*WORK REQUEST*
The stretch from the line with "Black Plastic 18" through the line with "boys gymboree red/wht polo shirt" in the records below: write it out exactly, and nothing else.

Top of AVAILABLE DATA

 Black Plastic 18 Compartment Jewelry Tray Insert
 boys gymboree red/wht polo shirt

Bottom of AVAILABLE DATA
Top of AVAILABLE DATA

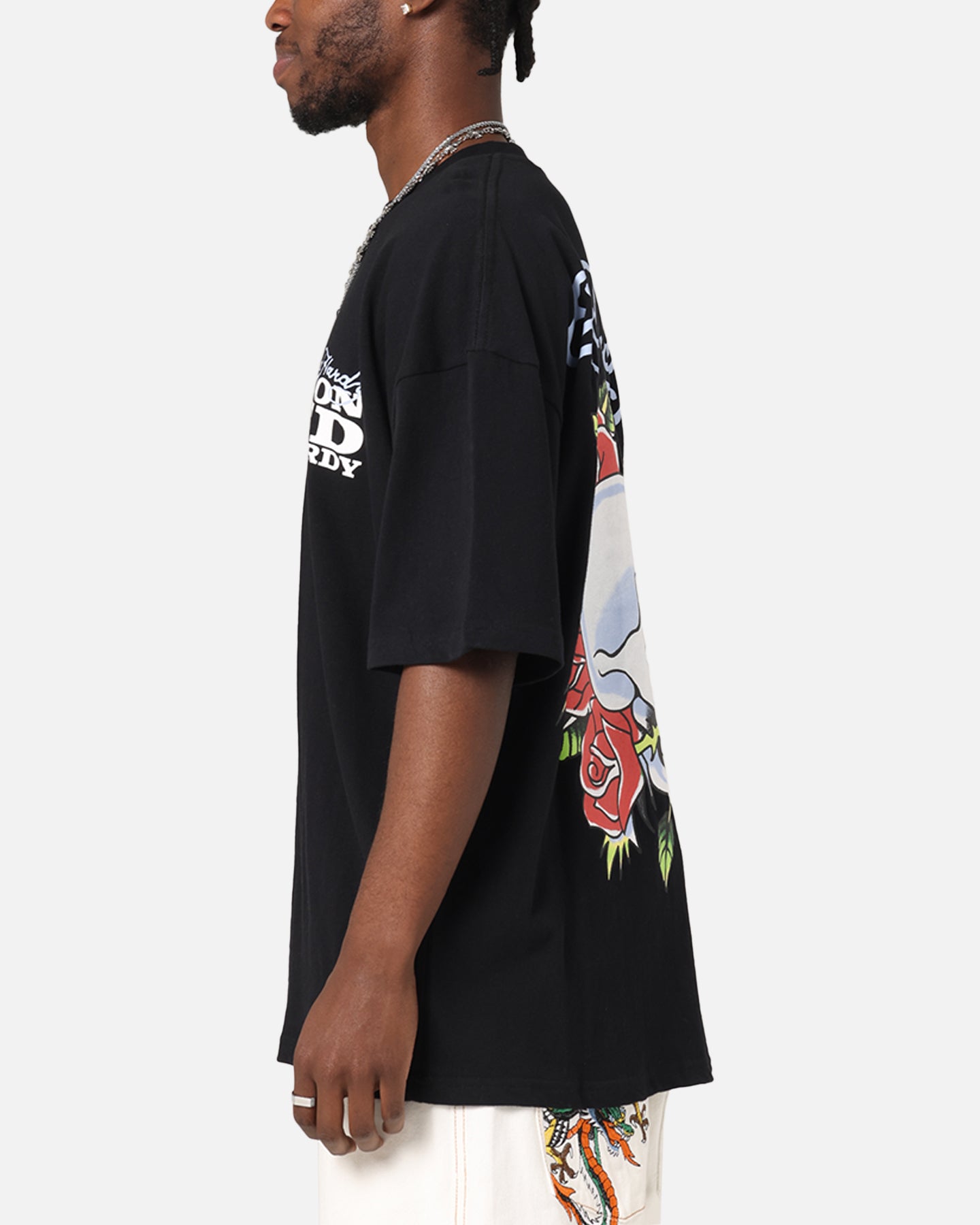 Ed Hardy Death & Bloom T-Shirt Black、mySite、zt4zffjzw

Bottom of AVAILABLE DATA
Top of AVAILABLE DATA

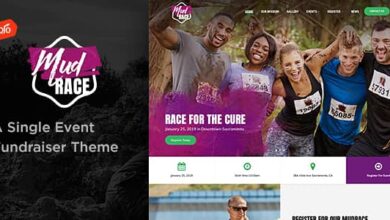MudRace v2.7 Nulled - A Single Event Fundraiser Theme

Bottom of AVAILABLE DATA

*EXERCISE RESPONSE*
 Black Plastic 18 Compartment Jewelry Tray Insert
 boys gymboree red/wht polo shirt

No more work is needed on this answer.